The Sun Kings: The Unexpected Tragedy of Richard Carrington and the Tale of How Modern Astronomy Began , StuartClark , Princeton U. Press, Princeton, NJ, 2007. $24.95 (211 pp.). ISBN 978-0-691-12660-9

Stuart Clark’s The Sun Kings: The Unexpected Tragedy of Richard Carrington and the Tale of How Modern Astronomy Began is a lively, informative discourse on the research that led to a discovery that in Victorian times was revolutionary: a cause-and-effect relationship between events on the Sun and Earth. Although the book is biographical, the science is not secondary: The characters and their research are skillfully interwoven in the narrative. The inclusion of the discoveries and personas of so many of the pioneers of Victorian astrophysics will make Clark’s book an enjoyable and meaningful read for anyone, professional physicist and layperson alike, who has an interest in the roots of physics and astronomy.

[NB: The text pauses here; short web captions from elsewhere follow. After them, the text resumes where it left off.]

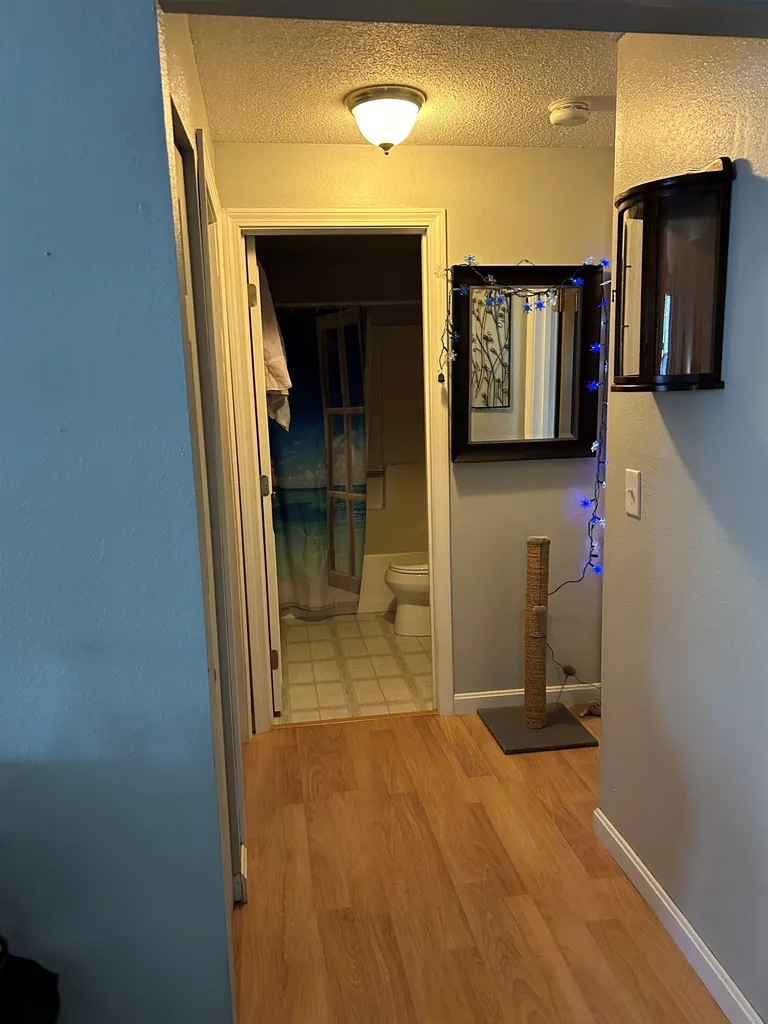 37 Alice Drive Concord NH 03303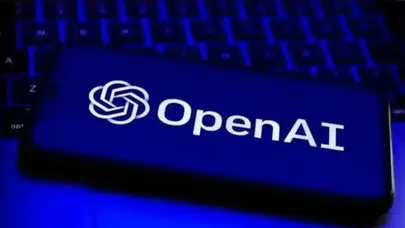 OpenAI'dan ABD'ye dikkat çeken teklif: Yapay zekâ kazancı halkla paylaşılsın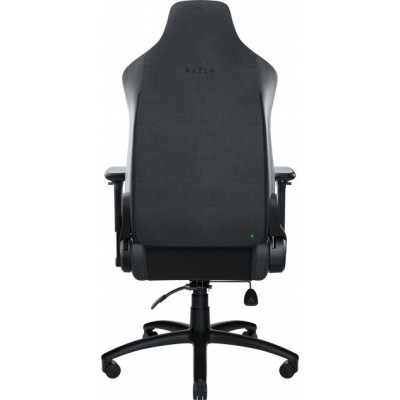 Razer Iskur Fabric XL (RZ38-03950300-R3G1)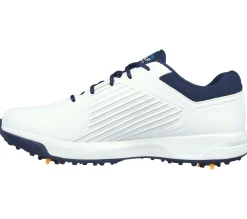 SKECHERS GO GOLF Arch Fit Elite Vortex><noscript><img width=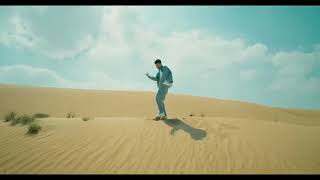 Zack Knight ft Adam Saleh - Mashallah (Official Music Video)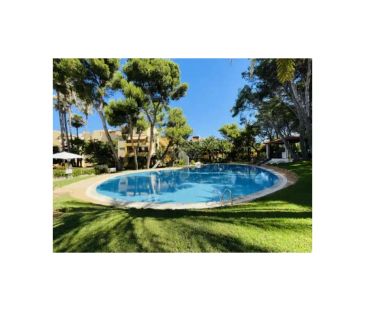 Calvià - Foto 5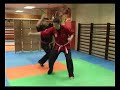 Kajukenbo Video Kajukenbo Video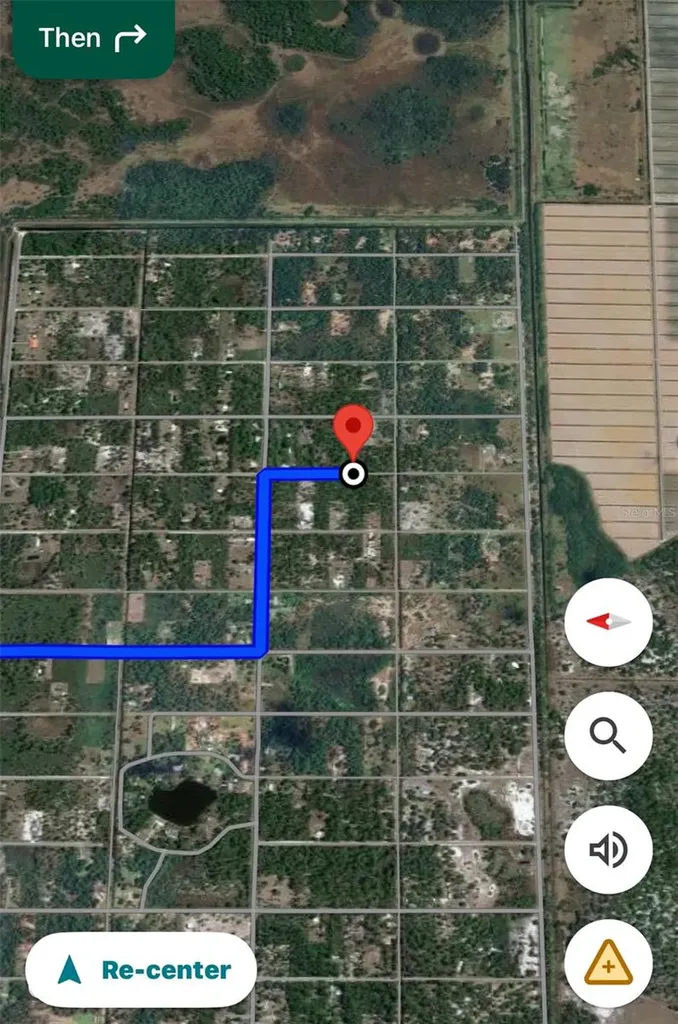 755 S Willow Street Clewiston FL 33440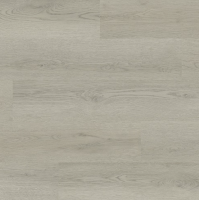 SPC плитка (spc ламинат) Floorwood Joy 7085 Like / Лайк
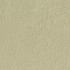 Naugahyde Fabric Dolphin Willow DOL 90 See sample 100% Vinyl USA or Imported Water-based cleaning agents and foam may be used for cleaning. Cleaning by a professional cleaning service is recommended. 54 - My Fabric Connection -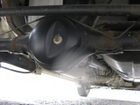 車両画像12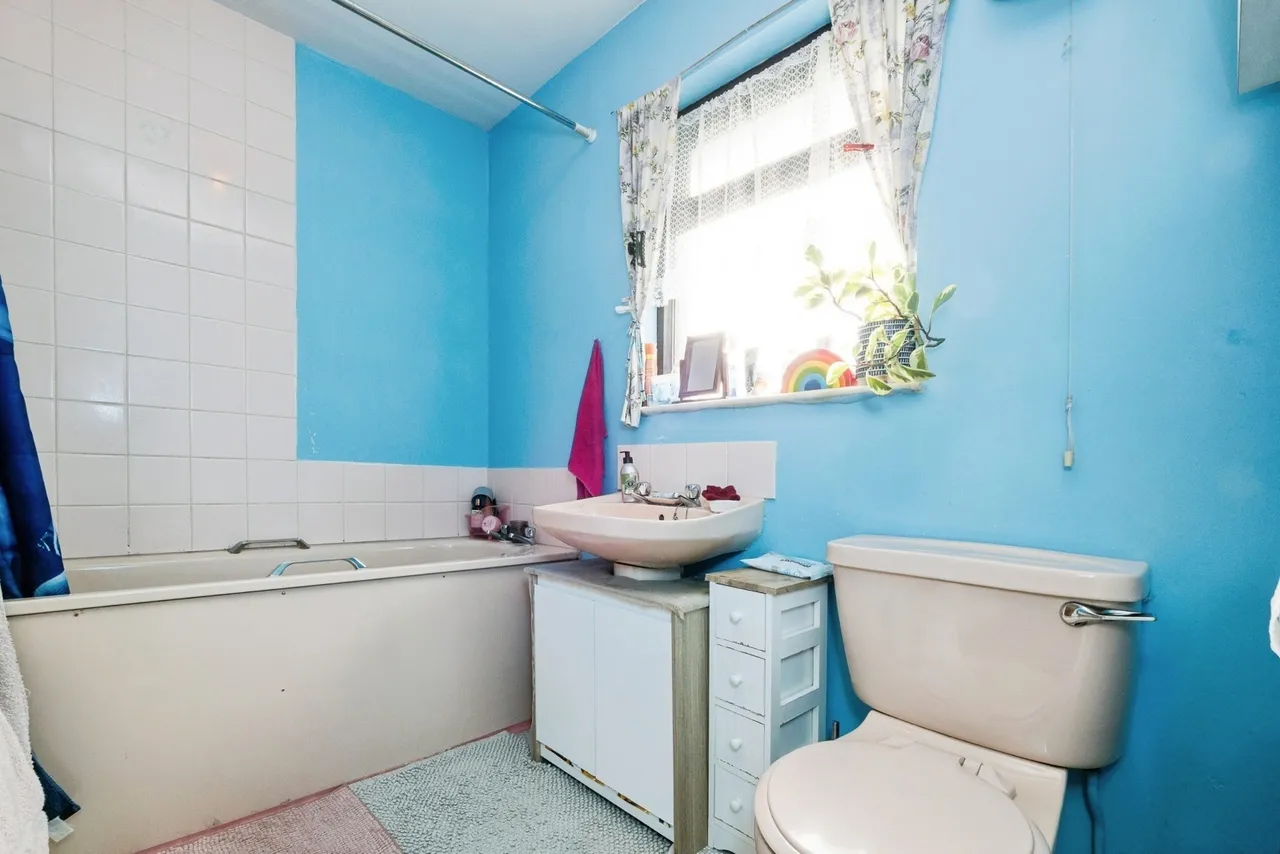 Hameway, London, E6, photo 8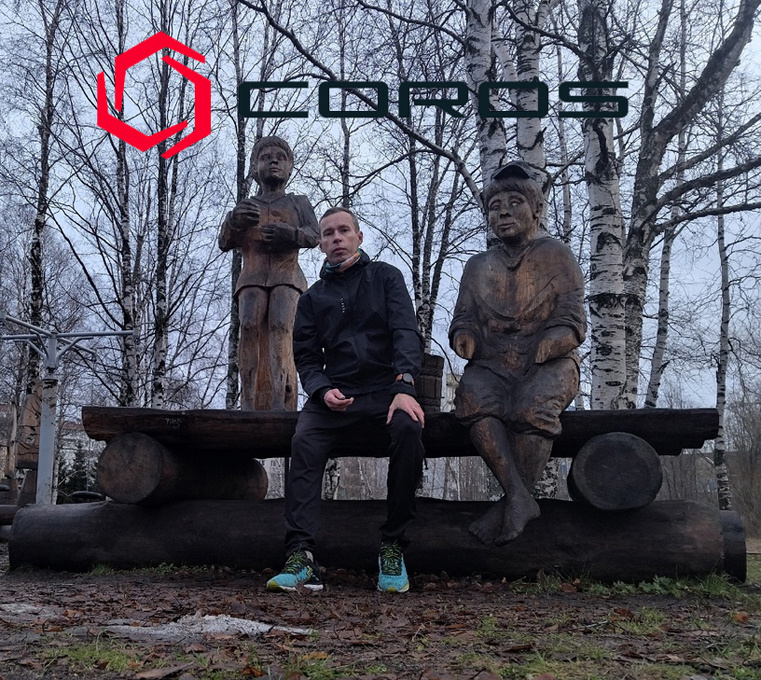 приёмная комиссия готова к работе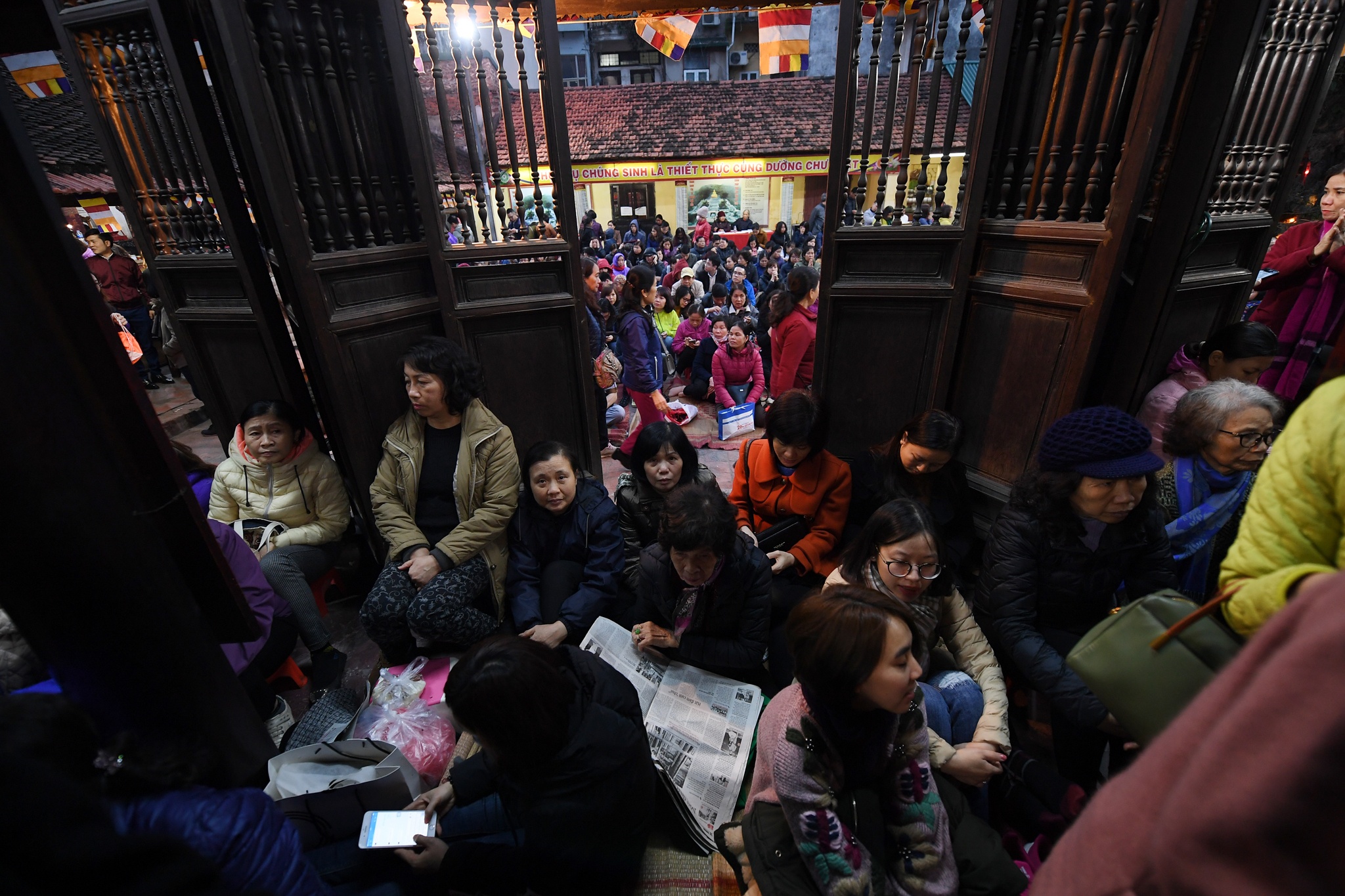 dang sao giai han chua Phuc Khanh anh 8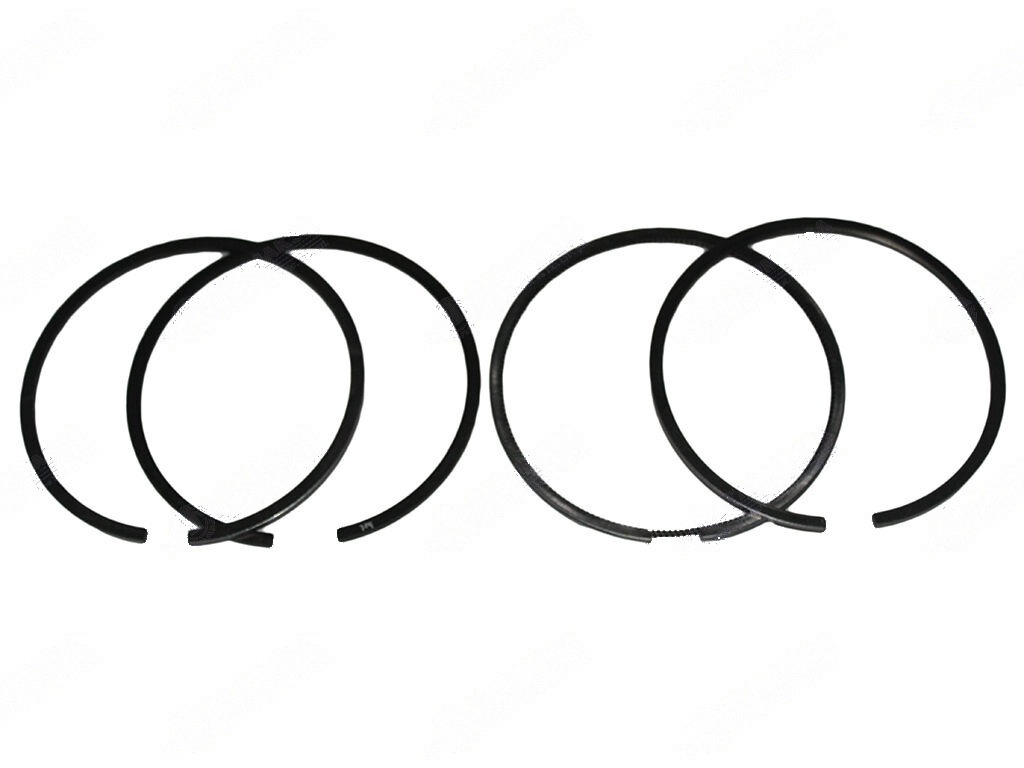 3000-5000 Motor Segmanı 0.20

Before the age of the “Sun Kings”—the Victorian astronomers who are the focus of the book—solar astronomy was strictly an intellectual pursuit. Nowadays, that field’s liveliest branch is arguably the study of what contemporary geophysicists call space weather, the physics and phenomena of storms in interplanetary space and in Earth’s magnetosphere, ionosphere, and outermost atmosphere that are caused by solar flares and coronal mass ejections. The practical relevance of space weather accrues from its threat to both space-borne and ground-based technological systems and from the danger it poses to humans in space.

In setting the stage for his biography of the founders of Victorian solar astronomy, Clark, a writer for the European Space Agency who has a PhD in astrophysics, introduces the phenomena of space weather with a blow-by-blow account of the ferocious solar storms that took place around late October and early November 2003. He starts by discussing the radiation effects of those storms on astronauts aboard the International Space Station, passengers on airplanes flying polar routes, and instrumentation aboard scientific and weather satellites. This rhetorical device works well; it gives the reader a framework and motivation for understanding the final outcome of the convoluted and intensely personal research path taken by the pioneers of solar astronomy.

The author traces the development of the comprehension of the Sun–Earth connection from the 17th through 19th centuries, beginning with the telescopic observations of sunspots by Galileo in 1610. Key players in the 19th century included mathematician and Astronomer Royal George Biddell Airy and natural scientist Alexander von Humboldt. During the time that 18th-century astronomer William Herschel, the discoverer of the planet Uranus, was making his observations, it was well accepted that sunspots were indeed located on the surface of the Sun. But, interestingly, notions such as Herschel’s that living creatures inhabited the Sun were not rejected out of hand.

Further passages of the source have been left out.